In that regard, and in light of the Nuremberg references that have surfaced in some commentary, I would submit that the most relevant lesson to be drawn from those trials is that the entire Nazi regime established itself precisely by undermining the vital foundational concepts and first principles of Western law that had been in place in both the Wilhelmine and Weimar governments’ legal systems. It was precisely by making the anti-legal legal that the Nazi regime smoothed its path toward the monstrous history that it then ‘legally’ created.



I would also point out that from the point of view of legal positivism – very much in vogue now in this country – there would be no substantive way of objecting to that development: the regime was properly brought into power (Hitler was formally invited to be Chancellor and duly appointed by the elected President, Hindenburg) and hence – from the positivist perspective – its legislation was inarguably the law of the land. From the positivist perspective there is no Higher Law to judge what that government enacted.
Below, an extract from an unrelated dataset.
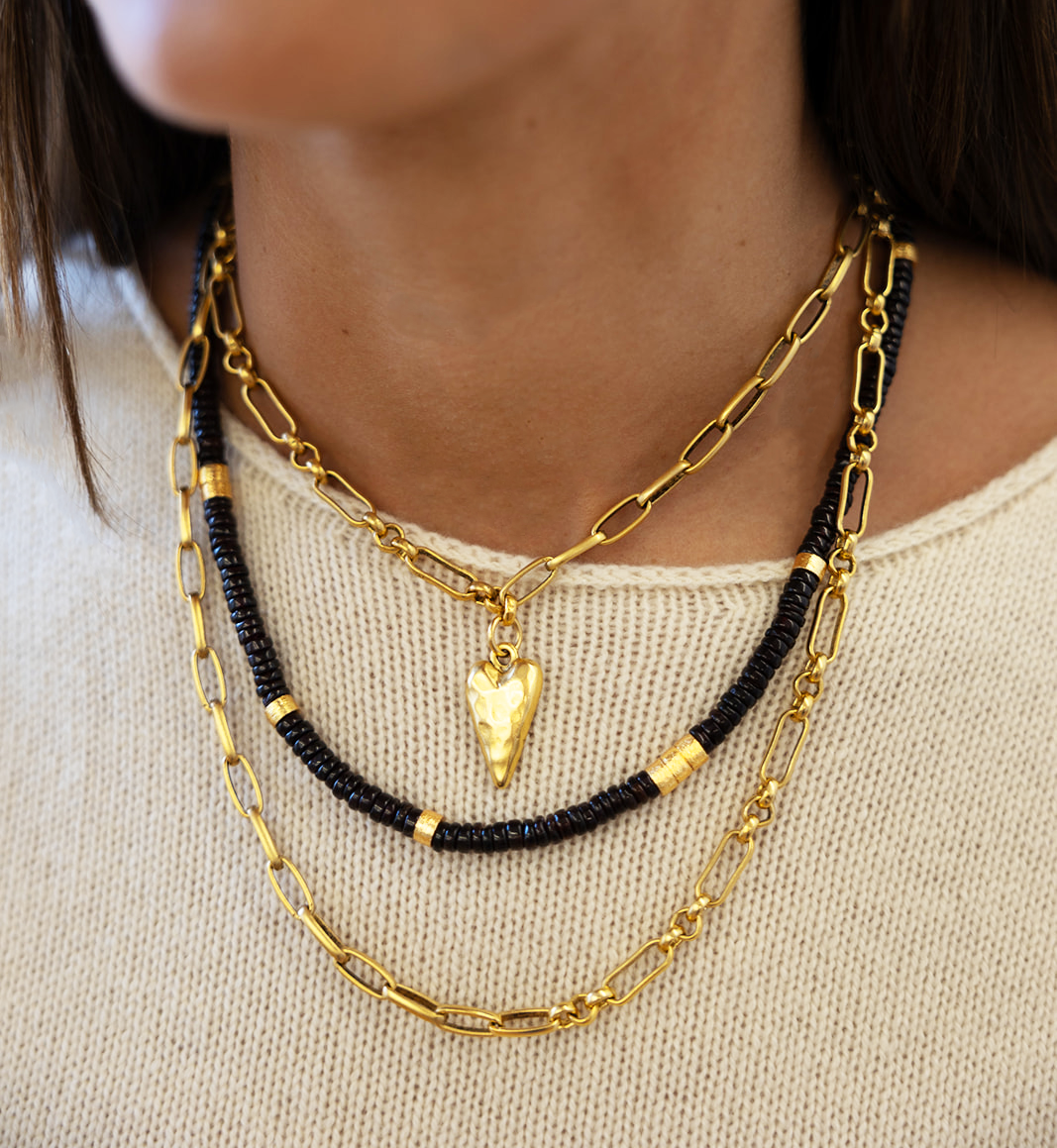 A garnet necklace with brushed gold spacer beads.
I also note that in the Nuremberg trials the monstrous doings of various honchos of the Third Reich were inarguably demonstrated simply from the history of the prior decade or more, including what was discovered upon the liberation of the camps in 1945. But as even this trial in Philadelphia indicates, such easily-established inarguable demonstration of sustained and premeditated monstrousness rising to a justification of the Charges brought by the prosecution is not so easily available; hence the need for careful and full examination of all evidence relevant to the Charges brought.



Such complications may seem merely obstructionist outside the legal and jurisprudential forum, but I would remind one and all that these ‘complications’ are vital and very real.
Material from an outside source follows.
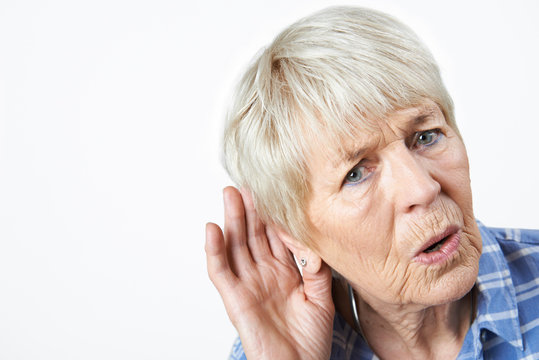 Studio Shot Of  Senior Woman Suffering From Deafness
For those same reasons, both Nuremberg and Stalin’s trials of the mid-late 1930s were ‘show trials’, although in the former there was more than a sufficiency of relevant and credible evidence, whereas in the latter ‘evidence’ was not even considered a necessary formality.  To the extent that the case at bar is a ‘show trial’ – meaning that it is intended to ‘send a message’ to those who see it or hear about it – it remains to be seen whether the case at bar resembles more the former or the latter type of show-trial.



The criminal justice system or even the civil legal system is not easily or harmlessly envisioned as merely the administrative agent for ‘striking’ (to use Dzherzinsky’s brutally vivid image) those persons who are accused and charged by the Sovereign authority. That is the difference between ‘revolutionary’ law and Western, constitutional law – nor are these two legal universes and systems easily blended.”